Un spectateur monte sur scène, sans aucune gêne. Il coupe la parole au majordome.
LE SPECTATEUR - Monsieur, monsieur ! Par hasard, sous votre jupe, y'aurait pas un cottage en Irlande devant la mer ?
LE MAJORDOME - Vous voulez dire : un cottage ?
LE SPECTATEUR - Un cottage. C'est comme ça qu'on dit.
LE MAJORDOME (essayant plusieurs façons de prononcer le mot) - Un cottage. Cottage. Cottage. Cottage. Un cottage. En Irlande. Devant la mer. Devant la mer. Devant la mer... credi. Ah ah.
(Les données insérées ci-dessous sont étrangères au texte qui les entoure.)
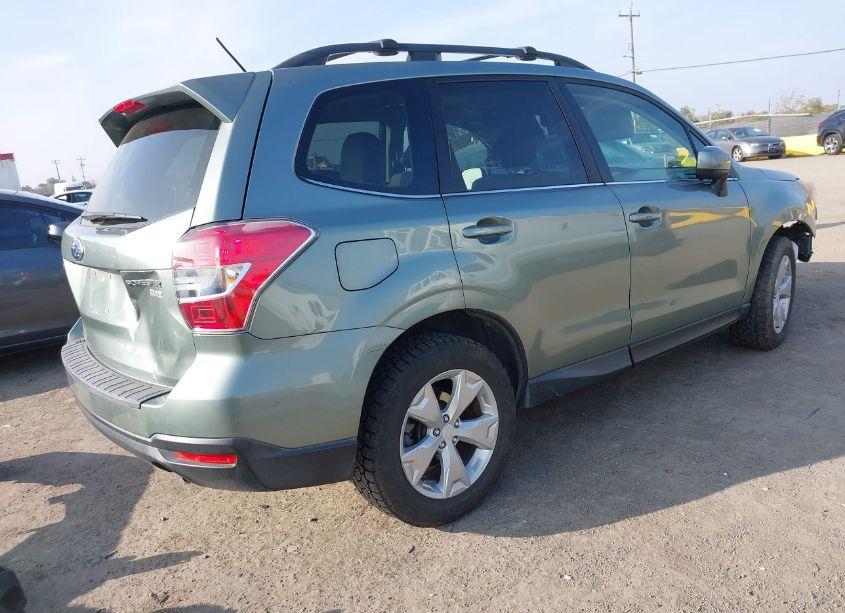 Photo 4 of 2015 Subaru Forester 2.5I LIMITED (VIN JF2SJAHC1FH504983)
Tiens, en voilà une idée... Je vais répondre à votre question Monsieur, si vous répondez à la mienne. Quelle est ma date de naissance ?
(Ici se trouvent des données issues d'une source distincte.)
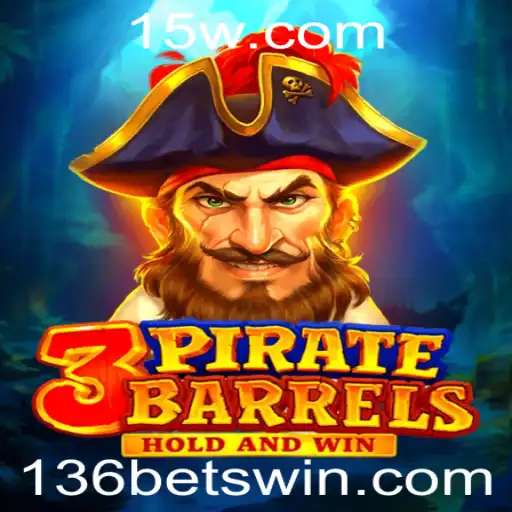 Descubra as Emoções de '3PirateBarrels': O Jogo de Aventura Inovador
LE SPECTATEUR - Mais... euh. J'en sais rien.
LE MAJORDOME - Allez, allez, creusez-vous la cervelle bon sang ! Ah j'adore, j'adore les devinettes ! Et les tulipes !
LE SPECTATEUR - Euh. Vendredi 14 mars 1978 ?
LE MAJORDOME - Mais non enfin !... Ça, c'est le jour où le cheval de Marie a sauté la barrière et s'est fait écrabouiller par le train qui venait de Dunkerque. Dommage.
LE SPECTATEUR - Samedi 17 septembre 1988 ?
LE MAJORDOME - Bon sang, êtes-vous stupide ? Ça c'est le jour de la révolution des craies. Sacré bordel d'ailleurs. Surtout du côté des enseignants... Les pauvres. Sans craies, aucune imagination. Heureusement, tout est rentré dans l'ordre.
LE SPECTATEUR - Ah bon ? Comment ça a fini cette histoire ?
LE MAJORDOME - Peu importe. Contente-toi de deviner.
Un temps.
LE MAJORDOME - Allez, allez, un peu de jugeote que diable !
LE SPECTATEUR - Euh. Lundi 31 janvier 1989 ? Non, 1987 ! 1984 !
LE MAJORDOME - C'était un vendredi, pas un lundi, voyons ! Et ce n'est sûrement pas le jour de ma naissance. (Un temps.) Ce jour-là, Dieu est mort.
LE SPECTATEUR - Ah pardon, je savais pas... Je suis désolé.
LE MAJORDOME - Ne t'en fais pas pour ça. Tu ne pouvais pas savoir. Et puis, c'est du passé. Je n'ai plus envie de parler du passé. Tant pis pour toi, tu ne sauras pas.
Un temps. Interrogatoire. Chaise. De temps en temps, petites claques derrière la nuque.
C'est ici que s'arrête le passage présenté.